Records excerpted from a collection:
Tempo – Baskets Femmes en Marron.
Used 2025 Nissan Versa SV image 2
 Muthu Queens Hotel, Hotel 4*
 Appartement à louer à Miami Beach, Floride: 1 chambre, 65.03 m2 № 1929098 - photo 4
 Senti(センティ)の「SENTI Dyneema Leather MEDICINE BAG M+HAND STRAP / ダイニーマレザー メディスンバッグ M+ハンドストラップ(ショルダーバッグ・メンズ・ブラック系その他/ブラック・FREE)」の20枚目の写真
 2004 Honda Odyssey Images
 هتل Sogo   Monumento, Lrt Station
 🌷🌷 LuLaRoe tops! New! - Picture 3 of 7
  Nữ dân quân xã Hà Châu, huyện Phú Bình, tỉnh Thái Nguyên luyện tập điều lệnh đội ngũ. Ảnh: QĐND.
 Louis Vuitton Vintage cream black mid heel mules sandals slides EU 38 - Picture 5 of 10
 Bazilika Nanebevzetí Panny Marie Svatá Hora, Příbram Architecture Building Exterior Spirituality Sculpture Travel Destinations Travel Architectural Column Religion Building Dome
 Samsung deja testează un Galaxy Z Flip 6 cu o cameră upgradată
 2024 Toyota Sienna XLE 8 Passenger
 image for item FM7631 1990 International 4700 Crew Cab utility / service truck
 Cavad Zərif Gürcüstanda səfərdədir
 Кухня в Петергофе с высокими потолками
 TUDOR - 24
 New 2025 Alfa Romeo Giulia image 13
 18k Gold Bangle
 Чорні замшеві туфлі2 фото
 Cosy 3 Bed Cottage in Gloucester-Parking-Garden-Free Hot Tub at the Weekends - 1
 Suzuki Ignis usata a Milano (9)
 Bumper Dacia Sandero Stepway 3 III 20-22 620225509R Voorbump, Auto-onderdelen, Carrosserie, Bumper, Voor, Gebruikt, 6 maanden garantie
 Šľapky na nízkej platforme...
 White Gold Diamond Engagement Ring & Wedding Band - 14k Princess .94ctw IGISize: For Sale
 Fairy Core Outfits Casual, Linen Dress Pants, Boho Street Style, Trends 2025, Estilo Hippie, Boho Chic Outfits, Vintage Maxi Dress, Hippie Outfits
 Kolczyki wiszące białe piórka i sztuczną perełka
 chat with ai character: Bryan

What the task requires: An exact copy of the lines from the one containing "Samsung deja testează" through the end of the entries is required, and nothing beyond them.

Answer section:
 Samsung deja testează un Galaxy Z Flip 6 cu o cameră upgradată
 2024 Toyota Sienna XLE 8 Passenger
 image for item FM7631 1990 International 4700 Crew Cab utility / service truck
 Cavad Zərif Gürcüstanda səfərdədir
 Кухня в Петергофе с высокими потолками
 TUDOR - 24
 New 2025 Alfa Romeo Giulia image 13
 18k Gold Bangle
 Чорні замшеві туфлі2 фото
 Cosy 3 Bed Cottage in Gloucester-Parking-Garden-Free Hot Tub at the Weekends - 1
 Suzuki Ignis usata a Milano (9)
 Bumper Dacia Sandero Stepway 3 III 20-22 620225509R Voorbump, Auto-onderdelen, Carrosserie, Bumper, Voor, Gebruikt, 6 maanden garantie
 Šľapky na nízkej platforme...
 White Gold Diamond Engagement Ring & Wedding Band - 14k Princess .94ctw IGISize: For Sale
 Fairy Core Outfits Casual, Linen Dress Pants, Boho Street Style, Trends 2025, Estilo Hippie, Boho Chic Outfits, Vintage Maxi Dress, Hippie Outfits
 Kolczyki wiszące białe piórka i sztuczną perełka
 chat with ai character: Bryan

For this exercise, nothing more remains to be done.